This is a lovely lemon cake with citrusy goodness in every bite. The “drizzle” is sugar dissolved in lemon juice and poured over the cake which has holes poked in the surface with a skewer to absorb the liquid.
- 1 1/2 cups flour
- 1 teaspoon baking powder
- 1/2 teaspoon salt
- 1 cup granulated sugar
- 1/2 cup butter, softened
- 2 large eggs
- 1 teaspoon vanilla extract
- zest of 2 lemons
- 1/2 cup milk
- Preheat oven to 350º. Grease a loaf pan, and line it with parchment paper.

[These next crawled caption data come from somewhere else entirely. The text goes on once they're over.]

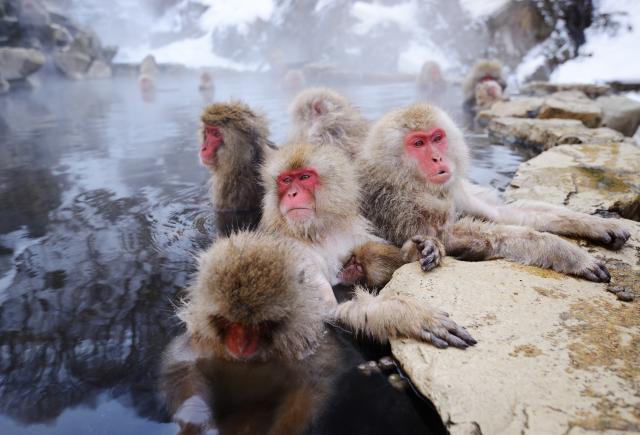 Jigokudani Snow Monkeys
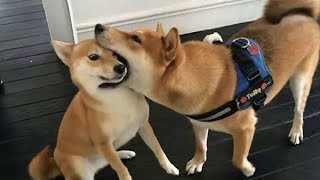 Funniest Shiba Inu Compilation 2  Best Funny Shiba Inu Videos 2018 [upl. by Anica]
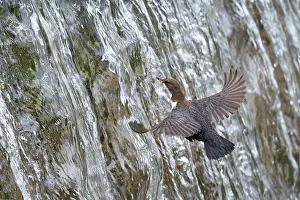 Waterfall Prints: RF - Dipper (Cinclus cinclus) flying towards waterfall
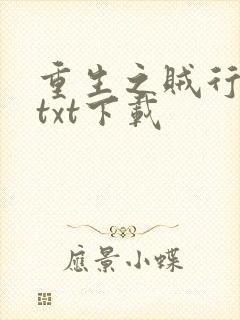 重生之贼行天下txt下载
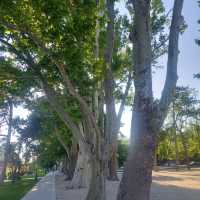 Beautiful Promenade in Siófok Day and Night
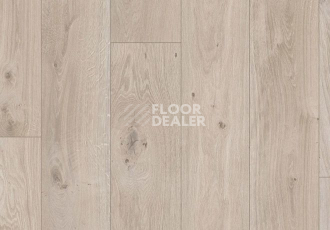 Parador Basic Plus 400 V 1593798 Дуб Натурально-серый фото 2 | FLOORDEALER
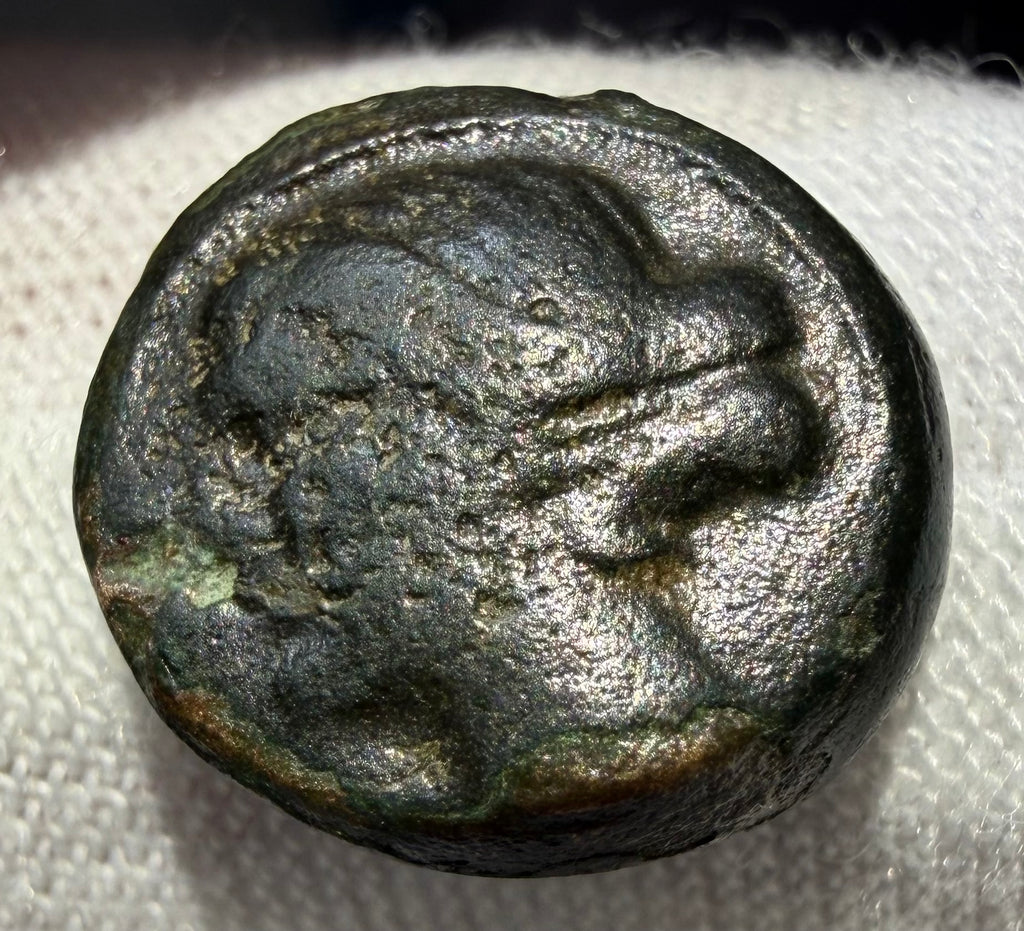 Larissa Thesaly AE12 nymph/ horse. sears 2130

- In a small bowl, whisk the flour, baking powder, and salt. In a large bowl, cream the sugar and butter. Add the eggs one at a time, then the vanilla and lemon zest.
- Alternate the flour mixture and the milk. Pour into prepared pan and bake for 45 to 50 minutes, test with a toothpick. Leave cake in loaf pan.
- juice of 2 lemons
- 1/3 cup granulated sugar
- Whisk the lemon juice and sugar in a small sauce pan over medium heat until the sugar dissolves.
- Poke holes in the cake with a skewer, and pour the glaze over the cake. Let cool in pan before serving.